How python crawler crawls popular music on Douyin 07/09 Update SLTechnology News&Howtos

How python crawler crawls popular music on Douyin

2025-07-09 Update From: SLTechnology News&Howtos shulou NAV: SLTechnology News&Howtos > Internet Technology >

Shulou(Shulou.com)06/01 Report--

This article mainly shows you "python crawler how to crawl Douyin popular music", the content is easy to understand, clear, hope to help you solve your doubts, the following let the editor lead you to study and learn "how python crawler crawls Douyin hot music" this article.

Climb the popular music of Douyin

This is relatively simple, it's the result of the code running.

Get the URL of music at https://kuaiyinshi.com/hot/music/?source=dou-yin&page=1

Open the web page F12JF5 refresh

All you need to volunteer is the above data.

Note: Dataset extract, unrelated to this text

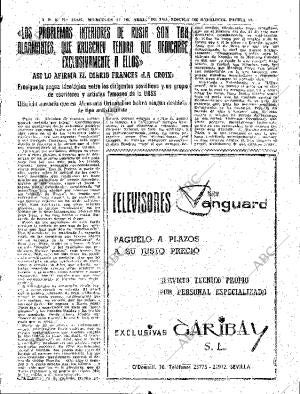 ABC SEVILLA 17-04-1963 página 19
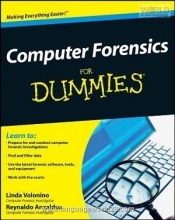 کتاب Computer Forensics For Dummies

Get it according to beautifulsoup and go to the code directly.

Headers = {

'User-Agent': 'Mozilla/5.0 (Windows NT 10.0; Win64; x64) AppleWebKit/537.36 (KHTML, like Gecko) Chrome/67.0.3396.99 Safari/537.36'

}

# Save path

Save_path = "G:\\ Music\\ douyin\"

Url = "https://kuaiyinshi.com/hot/music/?source=dou-yin&page=1"

# get response

Res = requests.get (url, headers=headers)

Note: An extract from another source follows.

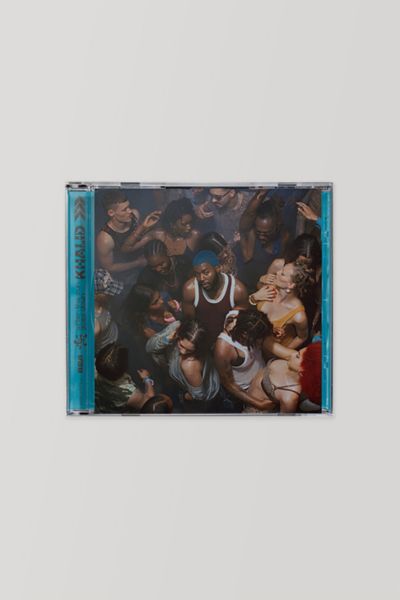Khalid - After The Sun Goes Down CD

# parsing using beautifulsoup

Soup = BeautifulSoup (res.text, 'lxml')

# Select the tag to get the maximum number of pages

Max_page = soup.select ('li.page-item > a') [- 2] .text

# Loop request

For page in range (int (max_page)):

Page_url = "https://kuaiyinshi.com/hot/music/?source=dou-yin&page={}".format(page + 1)

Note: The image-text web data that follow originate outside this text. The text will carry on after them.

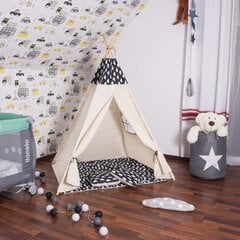 Палатка-типи Springos TIP01 цена и информация | Детские игровые домики | pigu.lt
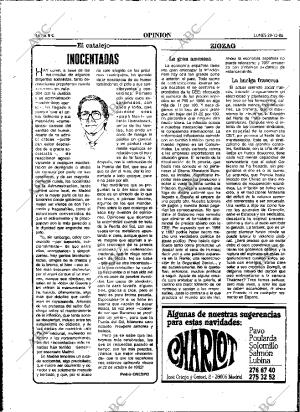ABC MADRID 29-12-1986 página 16
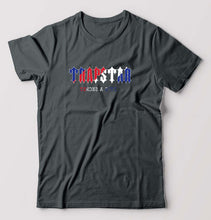 Load image into Gallery viewer, Trapstar T-Shirt for Men-Steel grey-Ektarfa.online
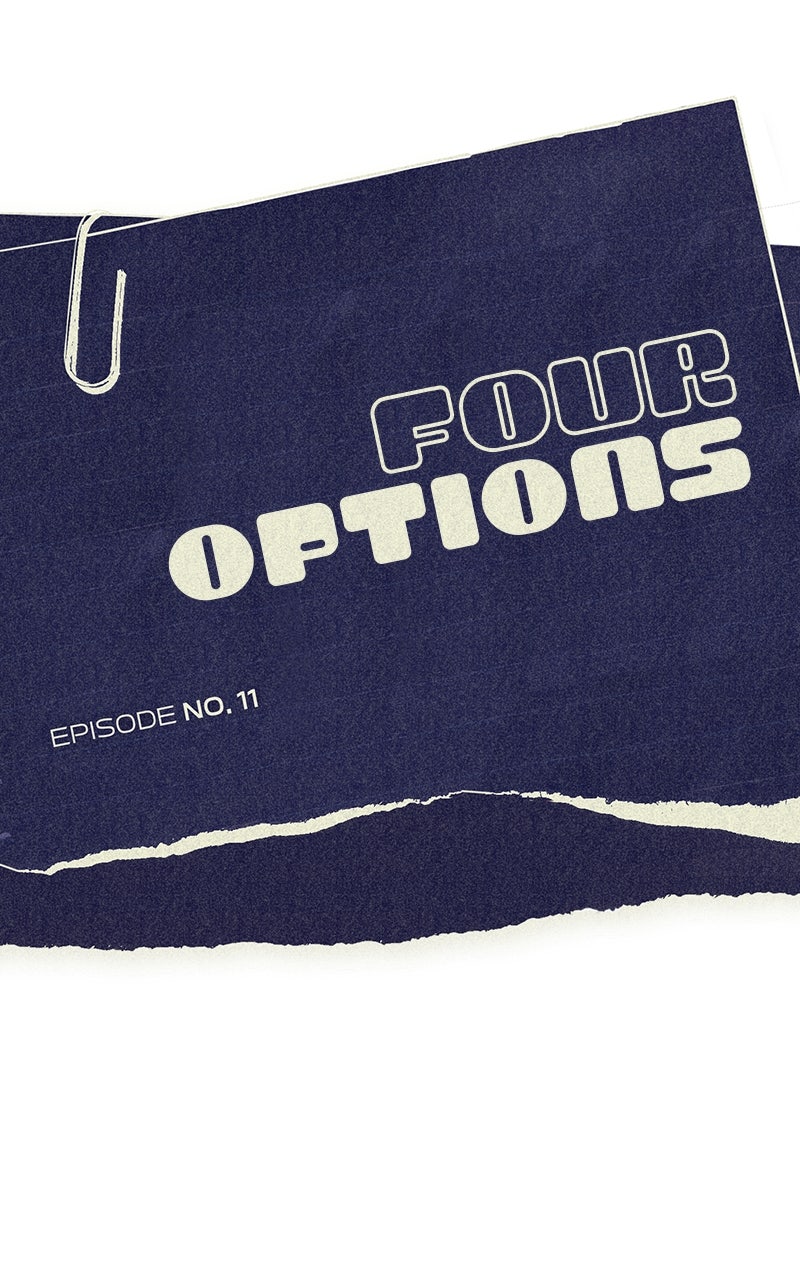 Four Options Ep. 11 - The Influence of Others page 21 -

Page_res = requests.get (page_url, headers=headers)

Soup = BeautifulSoup (page_res.text, 'lxml')

Lis = soup.select ('li.rankbox-item')

Singers = soup.select ('div.meta')

Music_names = soup.select ('h3.tit > a')

For i in range (len (lis)):

Music_url = "http:" + lis.get ('data-audio')

Print ("title:" + music_ names.text, singers [I] .text, "link:" + music_url)

Try:

Download_file (music_url

Save_path + music_ names.text +'-'+ singers [I] .text.replace ('/','') + ".mp3")

Except:

Pass

Print ("Page {} complete ~" .format (page + 1))

Time.sleep (1)

Pass the url of the obtained file to the download function

Def download_file (src, file_path):

# response body workflow

R = requests.get (src, stream=True)

# Open the file

F = open (file_path, "wb")

# for chunk in r.iter_content (chunk_size=512):

# if chunk:

# f.write (chunk)

For data in tqdm (r.iter_content (chunk_size=512)):

# use of tqdm progress bar, for data in tqdm (iterable)

F.write (data)

Return file_path

Then there is an explanation of the workflow of the response body.

By default, when you make a web request, the response will be downloaded immediately. You can override this behavior with the stream parameter and defer downloading the response body until you access the Response.content property:

Tarball_url = 'https://github.com/kennethreitz/requests/tarball/master' r = requests.get (tarball_url, stream=True)

At this point, only the response header is downloaded, and the connection remains open, so we are allowed to get the content according to the conditions:

If int (r.headers ['content-length']) < TOO_LONG: content = r.content...

You can further use the Response.iter_content and Response.iter_lines methods to control the workflow, or use Response.raw to urllib3 the urllib3.HTTPResponse from the underlying

Welcome to subscribe "Shulou Technology Information " to get latest news, interesting things and hot topics in the IT industry, and controls the hottest and latest Internet news, technology news and IT industry trends.

*The comments in the above article only represent the author's personal views and do not represent the views and positions of this website. If you have more insights, please feel free to contribute and share.